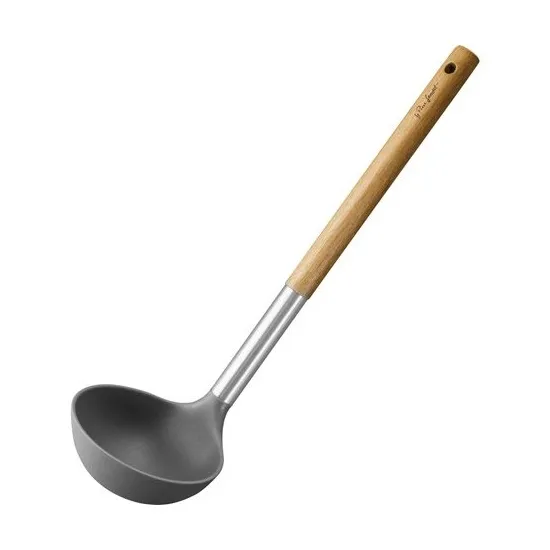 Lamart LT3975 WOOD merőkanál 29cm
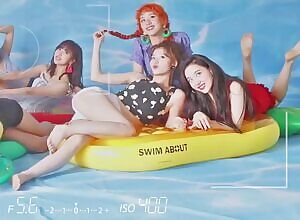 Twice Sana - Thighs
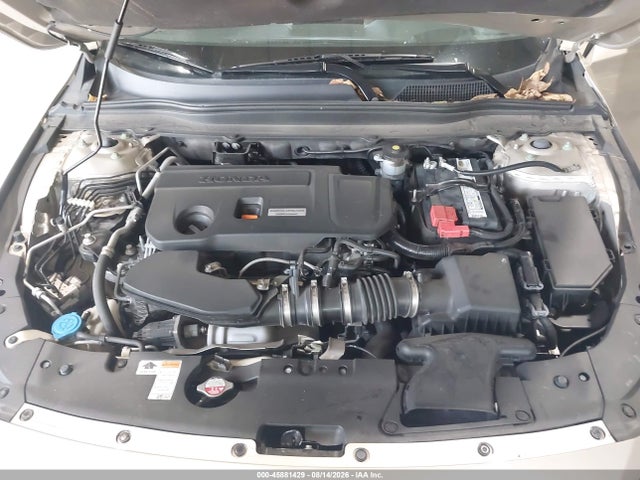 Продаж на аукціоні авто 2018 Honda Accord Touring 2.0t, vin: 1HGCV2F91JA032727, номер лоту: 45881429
========================
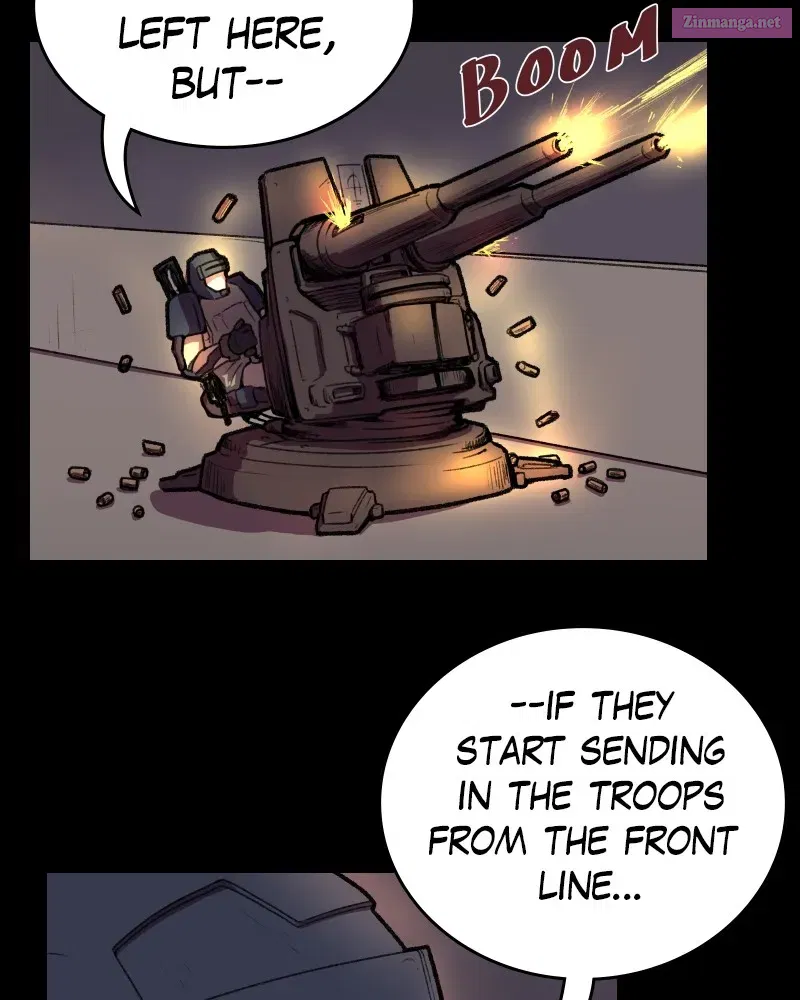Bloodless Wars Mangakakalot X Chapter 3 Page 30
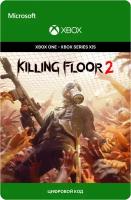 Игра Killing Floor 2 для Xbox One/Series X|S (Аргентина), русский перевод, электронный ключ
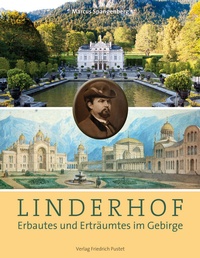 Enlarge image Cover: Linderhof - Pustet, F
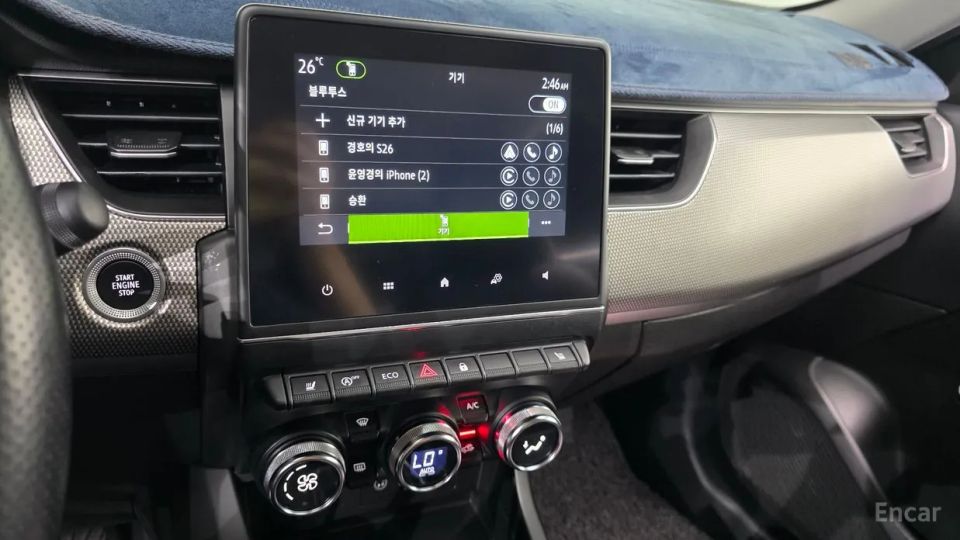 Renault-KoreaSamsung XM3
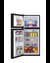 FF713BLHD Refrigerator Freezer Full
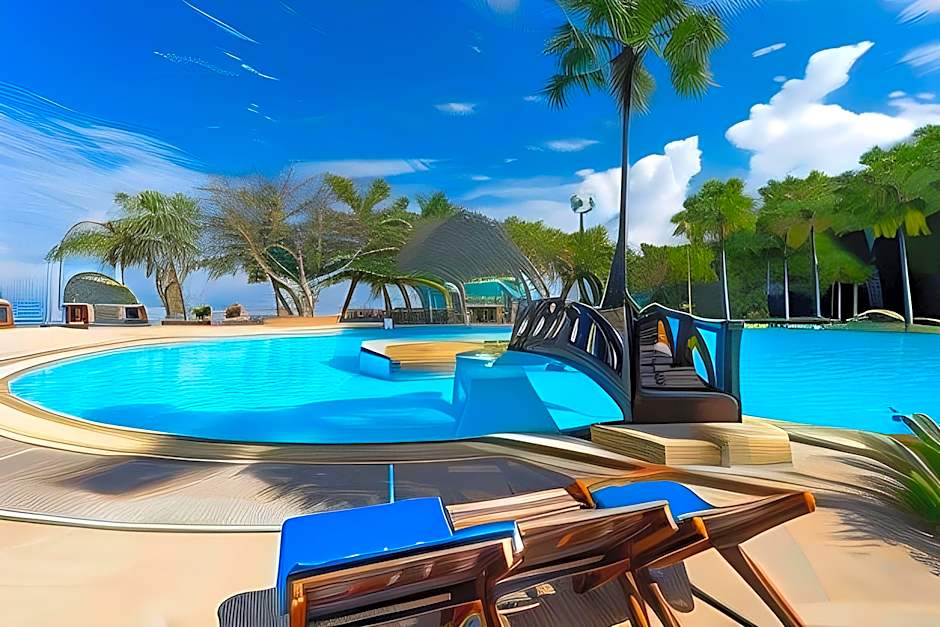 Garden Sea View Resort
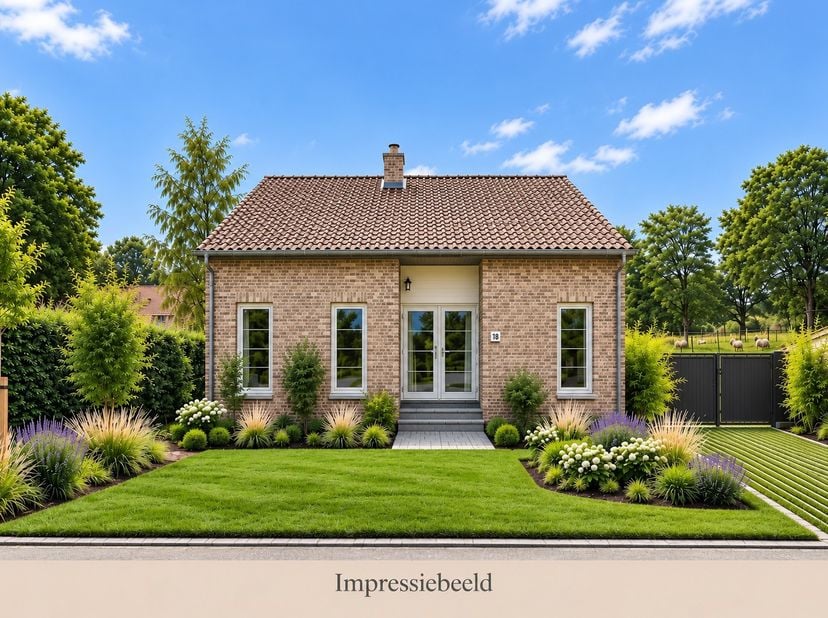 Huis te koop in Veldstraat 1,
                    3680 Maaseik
========================
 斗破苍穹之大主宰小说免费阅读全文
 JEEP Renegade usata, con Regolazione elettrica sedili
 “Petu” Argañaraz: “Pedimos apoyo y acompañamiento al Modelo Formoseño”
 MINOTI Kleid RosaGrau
========================
- _To do_: Of the lines above, quote exactly those from the one with "Bloodless Wars Mangakakalot" through the one with "3680 Maaseik", ends included; pictures stay out.

- _Expected answer_:
Bloodless Wars Mangakakalot X Chapter 3 Page 30
 Игра Killing Floor 2 для Xbox One/Series X|S (Аргентина), русский перевод, электронный ключ
 Enlarge image Cover: Linderhof - Pustet, F
 Renault-KoreaSamsung XM3
 FF713BLHD Refrigerator Freezer Full
 Garden Sea View Resort
 Huis te koop in Veldstraat 1,
                    3680 Maaseik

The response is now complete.